In the Sun Journal’s coverage of last week’s School Administrative District 52 board meeting, the reporter included a quotation from director Jaime Johnson which insinuated that the board’s deliberations on revising Policy IJJ Selection of Educational Materials has damaged the administrators’ and teachers’ trust in the board.

SAD 52 definitely has a trust issue, but it isn’t that one. It’s the public’s trust it needs to worry about.

Missing from the article was any mention of loss of trust of the more than 500 signatories to a petition to the board who asked it to set sexually explicit content outside the selection criteria. The signatories are members of the community — liberals and conservatives, professionals and blue collar, librarians and homemakers, new parents and grandparents.

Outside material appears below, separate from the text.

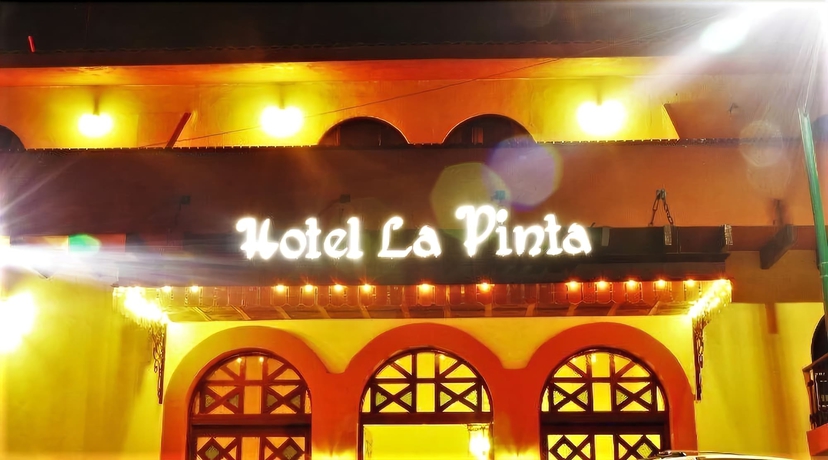 Imagen de los interiores del Hotel La Pinta, Ensenada. Foto 19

Their trust in the schools has been squandered by administrators and the board members who act as their cheerleaders and enablers, who have gaslighted the community on this issue repeatedly for well over a year. They tell us there are no such materials in the schools, then loudly bemoan the fact they’ll have to take out all of the sexually explicit material if the board adopts stricter standards.

The article also failed to mention that several of the district’s policies, including the computer and internet use policies for both students and teachers, already prohibit sexually explicit materials. The reporter failed to mention that some board members pointed that out, when others on the board argued that the term was too vague.

How will the board restore our trust?